’Tis the season to add activities and expenditures to your already overfull calendar and overtaxed budget, and also to field a bunch of extra family-centric demands. Yay, family! On top of everything else, you may get invited to your toddler nephew’s nativity play or be expected to travel six hours cross-country to spend Christmas Eve in the childhood bed you outgrew 15 years ago. Or perhaps you’ll get a voicemail from your mother-in-law requesting gluten-free stuffing for her new boyfriend, whom she is apparently bringing to dinner at your home.
If you say yes to all of it, you’re going to wind up an empty shell at the end of the year — like Santa’s toy sack, except you don’t get 364 days to recover before going back to work. Instead, try something like: “I can’t make it to Billy’s play, but I look forward to seeing blurry mobile phone video footage of his star turn as Manger Sheep #2!”
Or: “I love you guys, but my 40-year-old back needs a little more support than ye olde bunk bed can offer, so I’ll be getting a hotel for the night.”

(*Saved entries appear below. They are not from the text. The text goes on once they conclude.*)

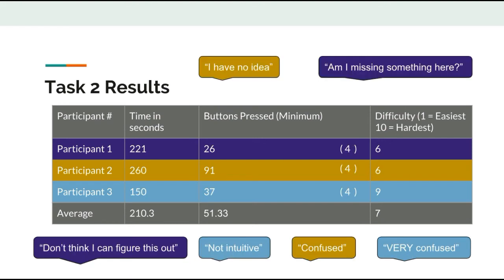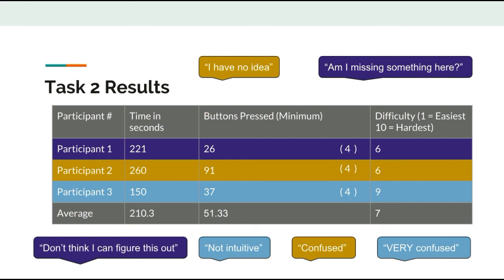For task 2, the participants had a more difficult time completing the task. Many of the participants were able to turn on the radio but struggled to turn it off. In addition, there were a lot more expressions of confusion and frustration. The average time to complete the task was 210 seconds, which was 3 times longer than the average for the first task. Overall, this task was hard to complete with an average difficulty rating of 7, which was one of the lowest ratings among all the tasks.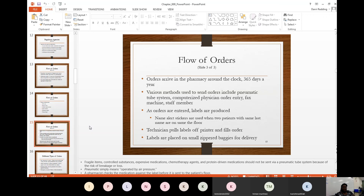Labels are placed in a small zipper baggie for delivery to the nursing floor. This was a mini example of what happens in an institutional pharmacy setting. We'll continue the rest of this in the next lecture.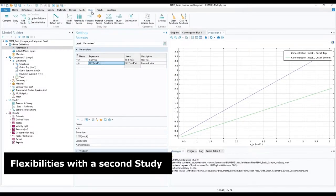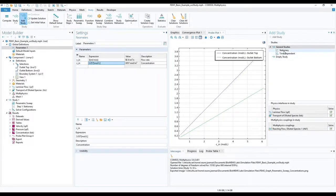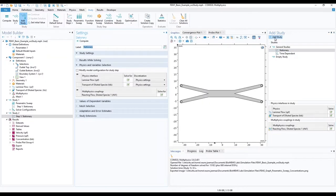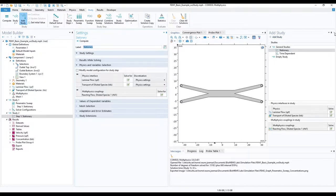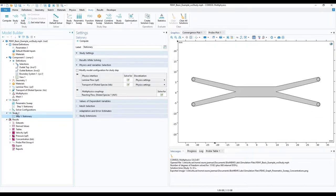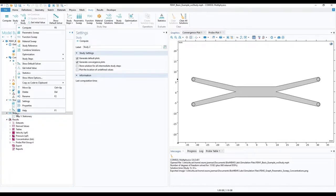Next, on the top toolbar, open the study section and click on add study. On the right of the model graph, in the newly opened add study window, choose stationary and click add study. And then close the study window. Going over to the model builder ribbon, right click on study 2 and choose parametric sweep.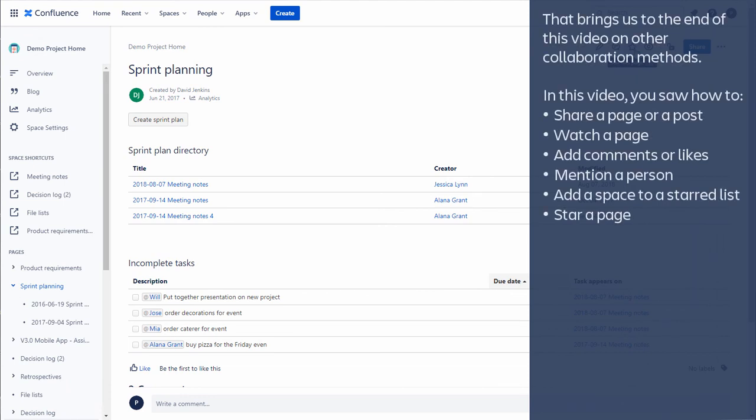That brings us to the end of this video on other collaboration methods. In this video, you saw how to share a page or a post, watch a page, add comments or likes, mention a person, add a space to a starred list, and star a page.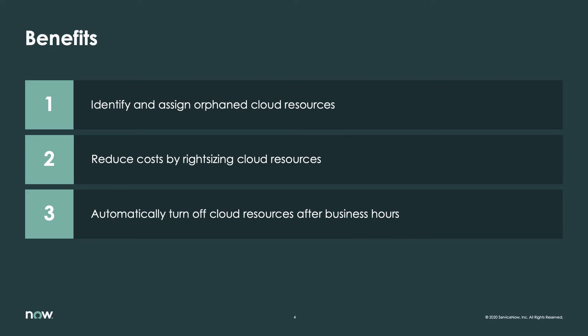Imagine that your AWS spend has increased considerably in your organization over the last few months and that senior leadership wants you to help. The Cloud Insights application in the ITOM Optimization solution can help you with this problem. Cloud Insights provides visibility into your cloud spending patterns as well as the ability to assign costs to the right groups, provide recommendations for cost savings, and the ability to efficiently execute on those recommendations.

Or: “My oven racks are all spoken for, but if your gentleman caller wants to contribute a dish to the spread, he is more than welcome to do so. What was his name again?”
If your family love you and want you to be happy this holiday season, they should be the most tolerant and understanding of your limits, should they not? Not to mention, they probably also have too much going on — which means the perfect gift for everyone would be to let each other off the hook.